Erdoğan’dan Kılıçdaroğlu’na sert tepki geldi… Sultanbelyi’de konuşan Erdoğan, “Eğer siz anayasa değişikliğinde olmayan şeyleri varmış gibi anlatırsanız, kusura bakmasın ne namusunuz kalır, ne ahlakınız kalır, ne haysiyetimiz kalır. Ana muhalefetin başındaki zat işte tam da öyle yapıyor” dedi.
Cumhurbaşkanı Recep Tayyip Erdoğan, “Sayın ana muhalefet partisi lideri ‘Haydi getirin idamı’ diyor. Tamam. Sen idama var mısın? Önce onu söyle. Bak Sayın Bahçeli açıkladı.” dedi.
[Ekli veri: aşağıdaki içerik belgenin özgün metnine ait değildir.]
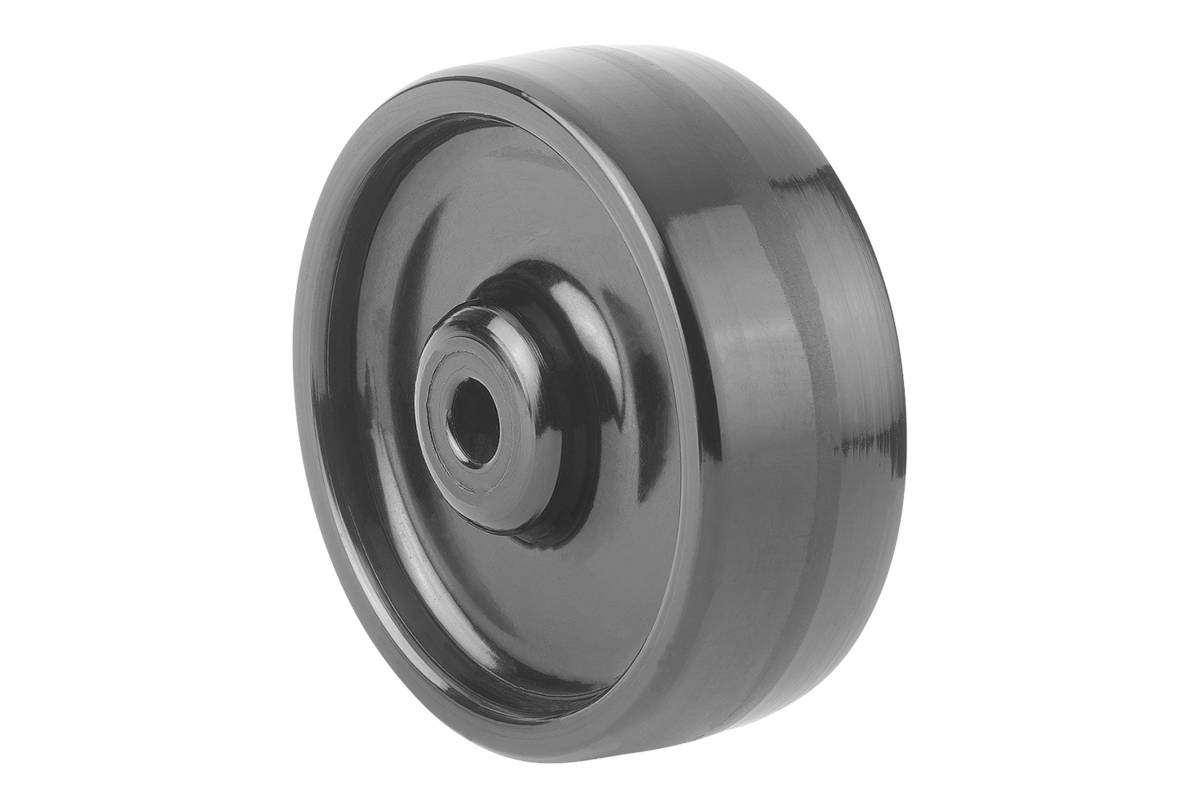Norelem 95065-15050, Duroplast-Rad, ohne Verriegelungssystem, Duroplast-0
Erdoğan, Sultanbeyli’de düzenlenen toplu açılış töreninde, “16 Nisan’da 15 Temmuz’un 249 şehidimizin, 2 bin 193 gazimizin hesabını soralım.” ifadesini kullandı.Alandakilerin “İdam” sloganları üzerine Erdoğan, şu karşılığı verdi:
“Bakın bu konuda benim kanaatim belli, Sayın Bahçeli’nin kanaati belli. Ben Sayın Başbakan’ın kanaatinin de farklı olduğu düşüncesinde değilim. Fakat bu anayasa değişikliği isteyen bir karar. Şimdi bugün sabah yaptığı konuşmasında sayın ana muhalefet partisi lideri ‘Haydi getirin idamı’ diyor. Tamam. Sen idama var mısın? Önce onu söyle. Bak Sayın Bahçeli açıkladı. Ben Sayın Başbakan’ın da farklı düşündüğünü zannetmiyorum. Çünkü görüşmelerim var kendisiyle. Peki sen Kılıçdaroğlu böyle bir şeye var mısın? Allah’ın izniyle 16 Nisan’daki ‘evet’ aynı zamanda bunun parlamentoya gelmesi demek demektir. O zaman ana muhalefetin başındaki zatın ne yapacağını göreceğiz.”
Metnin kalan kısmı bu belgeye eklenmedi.